• ACTIVITY: Output everything in the data exactly, leaving the pictures out.

• PROVIDED RECORDS:
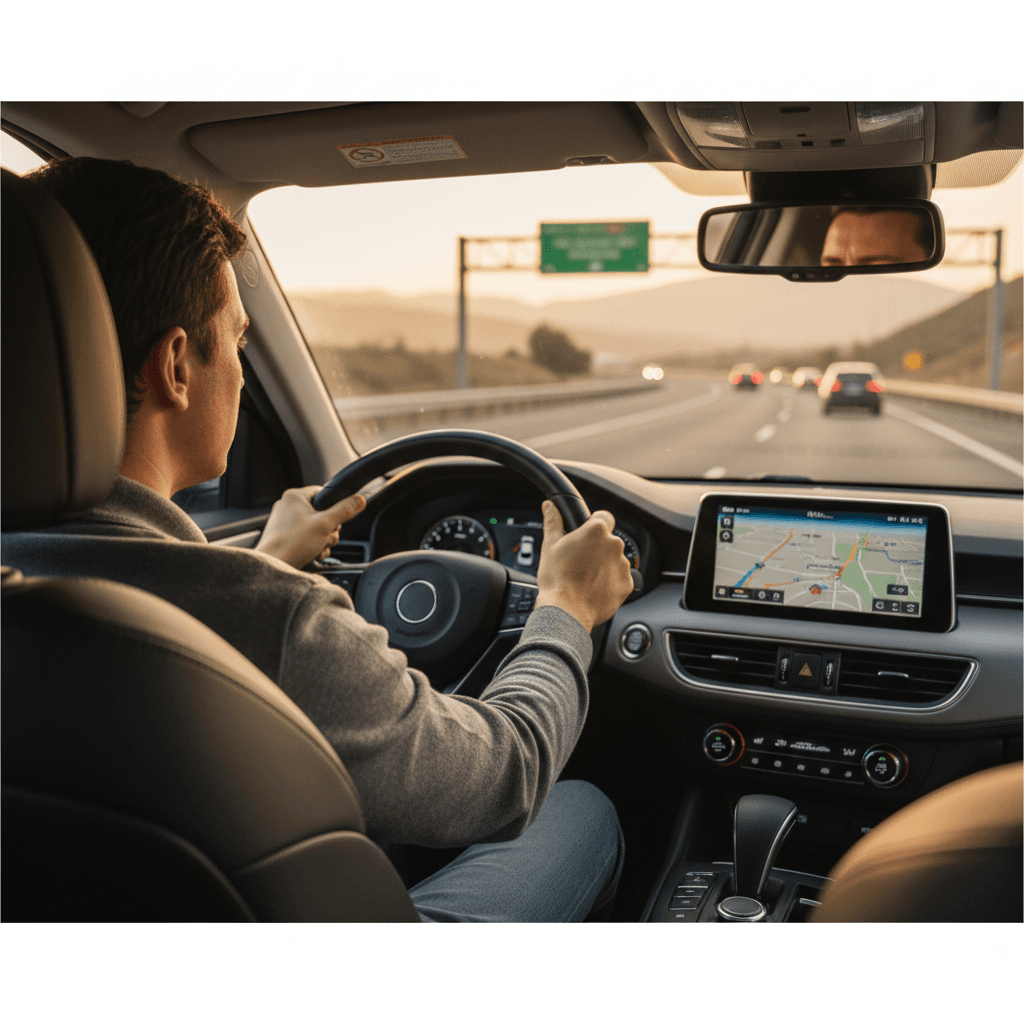 Driver focused on the route ahead
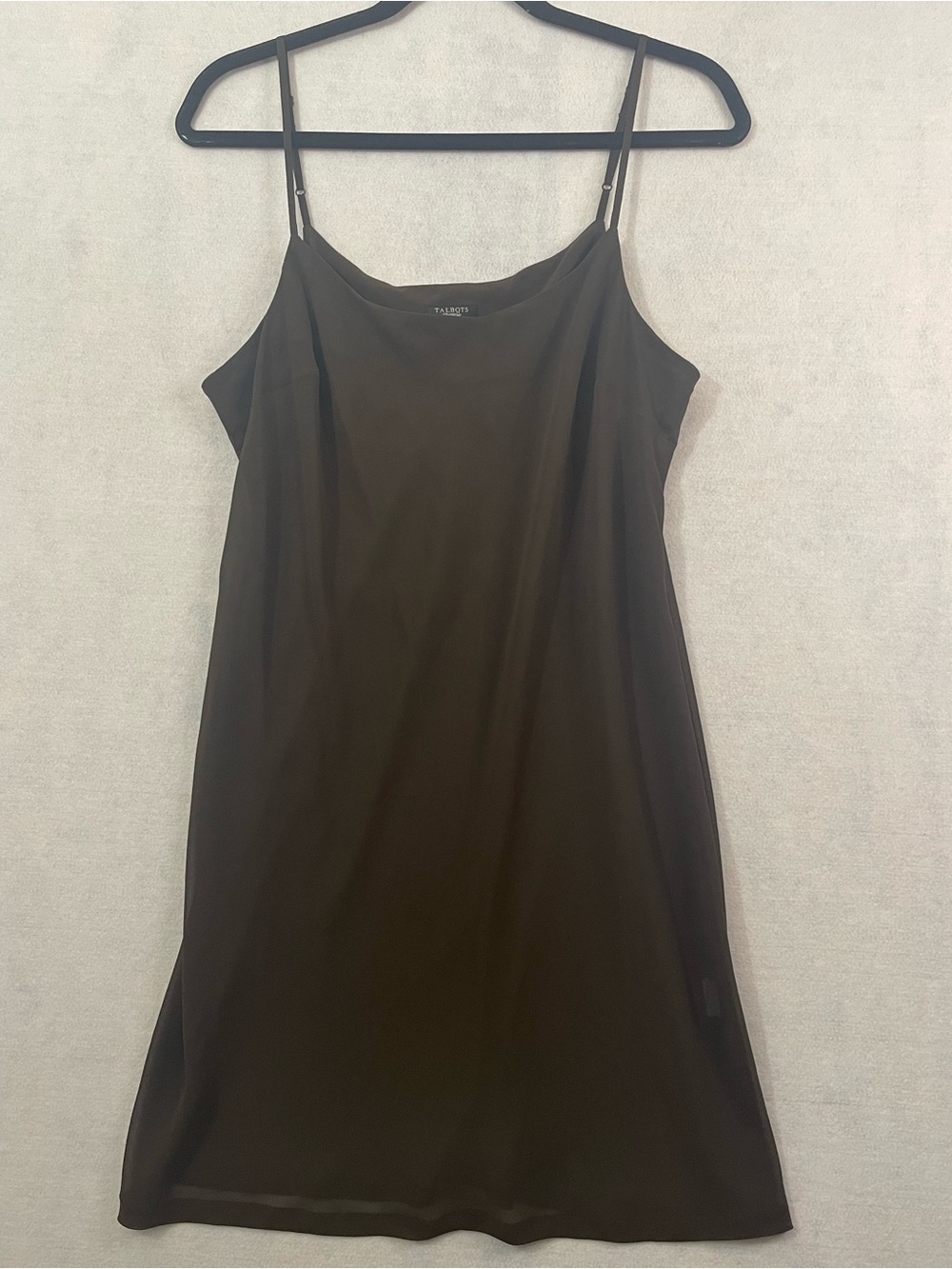 Talbots Brown Sheer Minimalist Slip Dress size 14P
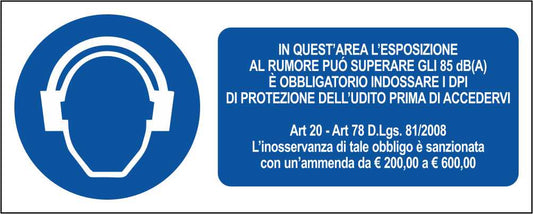 In quest'area l'esposizione al rumore può superare gli 85 dB(A) - CARTELLO SEGNALETICO UNI ISO 7010 in Adesivo Resistente, Pannello in Forex, Pannello In Alluminio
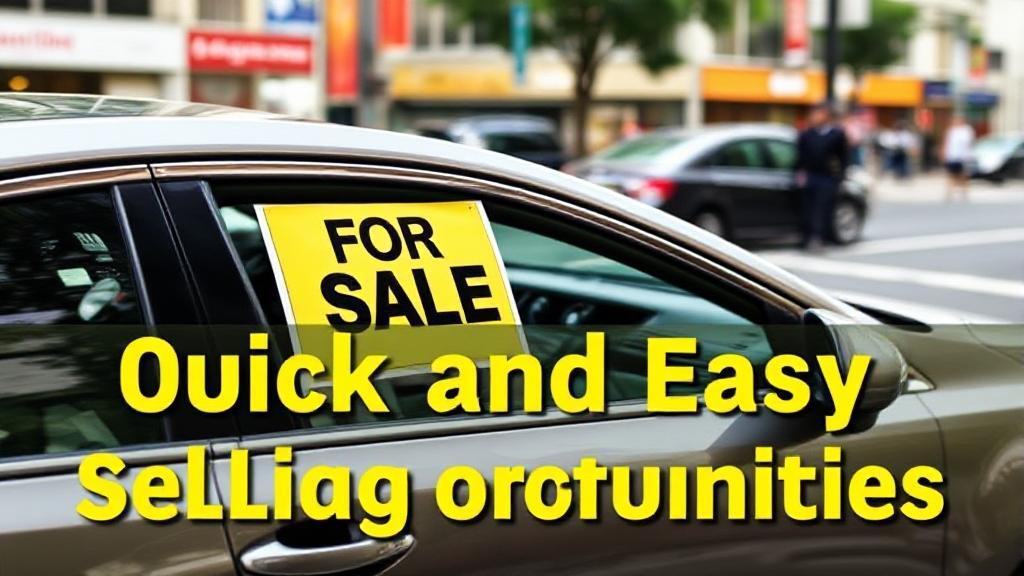 A dynamic image of a car with a "For Sale" sign in the window, parked in a bustling urban setting, symbolizing quick and easy selling opportunities.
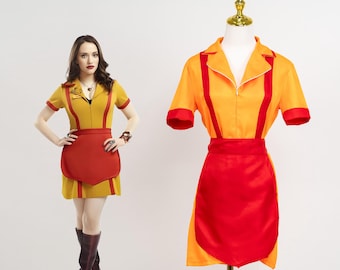 Gelb und Rot Kellnerin Uniform Set TV Diner Kostüm für Frauen Halloween Comic Con Parties Cosplay Events und Bühnenauftritte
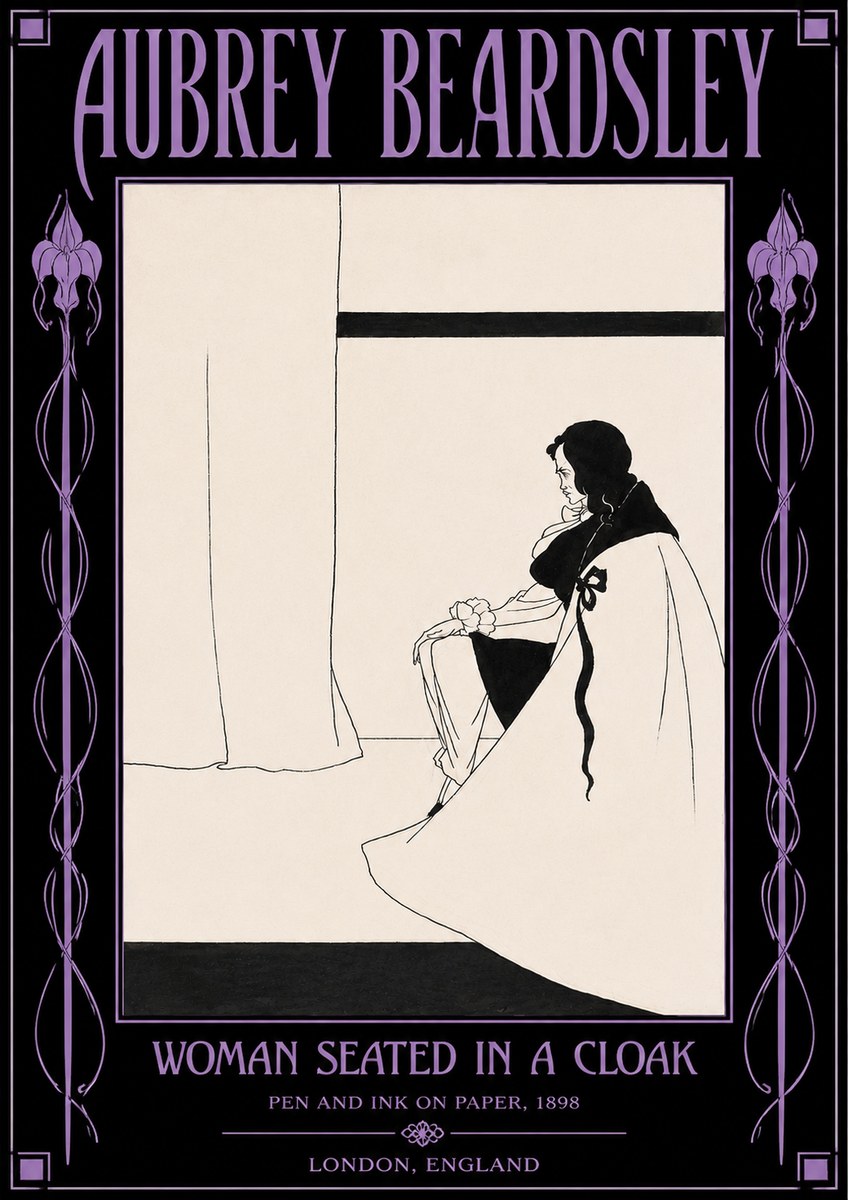 Aubrey Beardsley Woman Seated in a Cloak No4 - Póster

• YOUR SOLUTION:
 Driver focused on the route ahead
 Talbots Brown Sheer Minimalist Slip Dress size 14P
 In quest'area l'esposizione al rumore può superare gli 85 dB(A) - CARTELLO SEGNALETICO UNI ISO 7010 in Adesivo Resistente, Pannello in Forex, Pannello In Alluminio
 A dynamic image of a car with a "For Sale" sign in the window, parked in a bustling urban setting, symbolizing quick and easy selling opportunities.
 Gelb und Rot Kellnerin Uniform Set TV Diner Kostüm für Frauen Halloween Comic Con Parties Cosplay Events und Bühnenauftritte
 Aubrey Beardsley Woman Seated in a Cloak No4 - Póster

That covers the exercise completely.